Provisions on account of bad assets have eaten into their net profit, even though not too many banks have shown a drop in their operating profit. For instance, PNB’s provision for bad loans rose 161% in the March quarter over the December quarter—from Rs.1,468 crore to Rs.3,834 crore; for Punjab and Sind Bank, the rise has been 150% and for Syndicate Bank, 146%. Among others, IDBI Bank Ltd’s provision rose 80%, that of Bank of Baroda 44%, and Bank of India 43%.

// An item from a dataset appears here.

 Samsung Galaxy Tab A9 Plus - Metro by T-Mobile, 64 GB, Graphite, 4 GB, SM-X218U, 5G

Ideally, some of the banks should have set aside more money to take care of bad assets but they could not do so as that would have affected their profits even more. In absolute terms, gross bad assets of the 39 listed banks rose a little more than 25% over the past year to Rs.3.02 trillion and, after provisioning, net bad assets rose some 26% to Rs.1.68 trillion.

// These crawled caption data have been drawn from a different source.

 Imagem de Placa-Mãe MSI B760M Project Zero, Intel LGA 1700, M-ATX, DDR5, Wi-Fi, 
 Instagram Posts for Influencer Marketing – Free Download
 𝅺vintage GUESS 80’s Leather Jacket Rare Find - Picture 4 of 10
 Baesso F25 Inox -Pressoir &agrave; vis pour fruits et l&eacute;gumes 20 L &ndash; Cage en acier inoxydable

The larger story is this: The past two years have separated the men from the boys. Data collated by my colleagues Ashwin Ramarathinam and Ravindra Sonavane in Mint’s research wing show that private banks are surging ahead of their counterparts in the public sector who are starved of capital and suffering from a larger mound of bad assets. Going by the latest available data, there are 43 foreign banks in India, but they are not taken into consideration for this analysis. Collectively, they account for 0.33% of the branch network, a little less than 4% of bank deposits and around 4.5% of advances. There are a few unlisted small private banks too, but for this analysis, I am focusing on the 14 listed private banks and 25 listed public sector banks.

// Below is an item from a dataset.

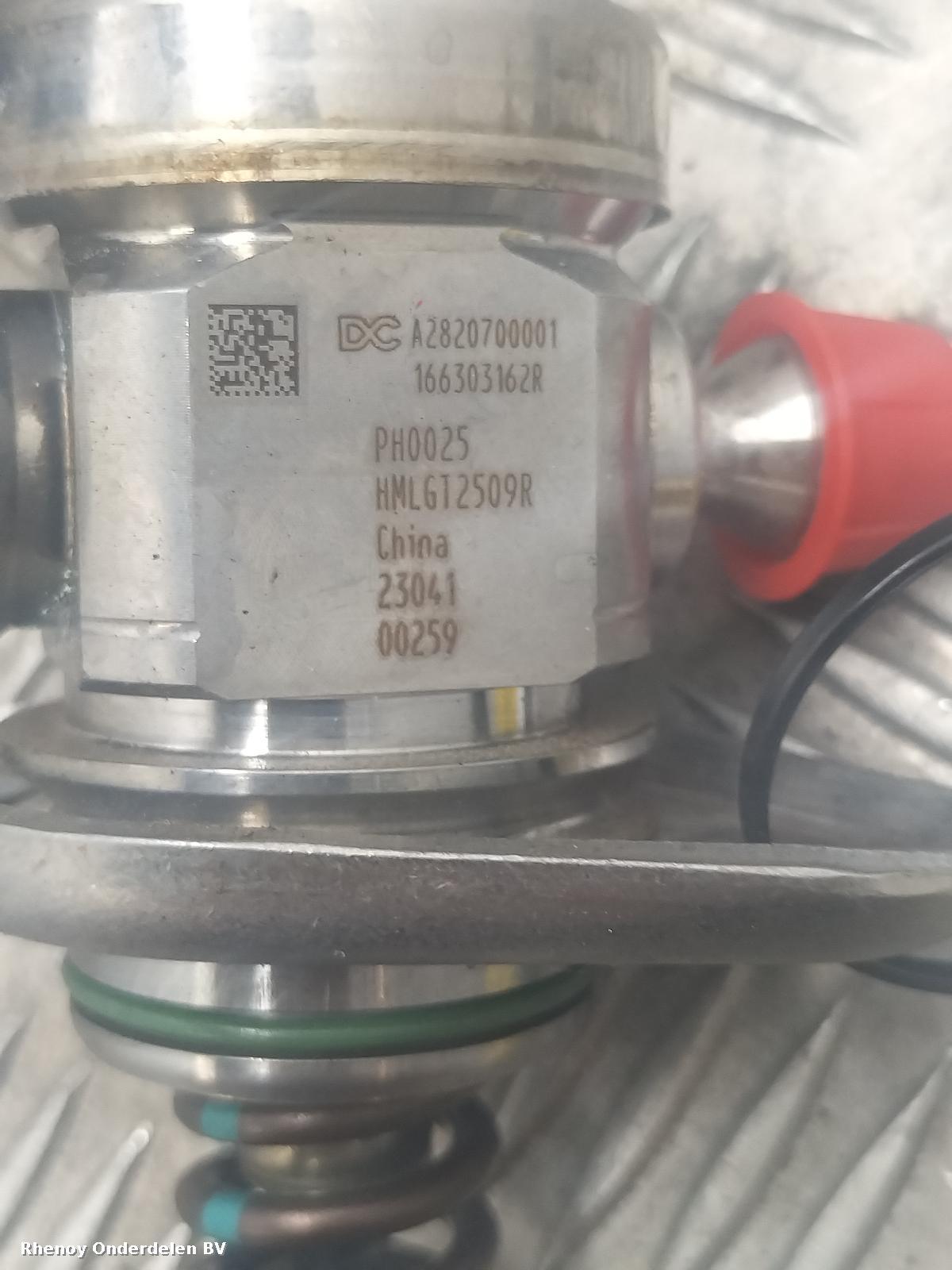 2021 NISSAN JUKE BRANDSTOF POMP VOOR DE RAIL (HOGE DRUK) View Auto part BRANDSTOF POMP VOOR DE RAIL (HOGE DRUK) NISSAN JUKE 2021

In almost every parameter, private banks are doing better than their peers in the public sector and their market share has been growing. In fiscal year 2014, private banks’ operating profit was almost flat, but in 2015, it rose 19%. In contrast, public sector banks’ operating profit dropped close to 6% in 2014 and rose about 8% in 2015. After setting aside money for bad loans, private banks’ net profit rose 17.66% in 2014, while in 2015, the growth was 18.11%. Public banks’ net profits dropped a little more than 26% in 2014 and just about 1% in 2015. Public banks’ gross NPAs grew close to 25% in 2015 after surging 37% in the previous year, while gross NPA growth for private banks was 30% and 15% in those two years respectively, albeit on a lower base. Post provisions, net NPAs of public banks grew 42% in 2014 and 26% in 2015. The comparable figures for private banks are 45% and 43%—again on a relatively smaller base.
What is more interesting to note is that public sector banks are lagging behind private banks both in deposits and advances growth. In 2015, public sector banks’ business growth has been almost half that of private banks. For instance, public banks’ deposit growth has been 9.13%, against private banks’ 16.16%; similarly, private banks’ advances grew close to 19%, compared to 8.13% for public banks.
As a result, private banks’ market share has been growing steadily. In the past two years, their share in operating profit has grown from 29.13% to 32.59%, while that of net profit has jumped from close to 35% to more than 50.5%, even as their deposits and advances continue to remain one-fifth of public sector banks’ despite steady growth. Public sector banks’ market share of deposits in the past two years has slipped from 81.82% to 80.92%, and that of loan advances from 80.72% to 78.72%.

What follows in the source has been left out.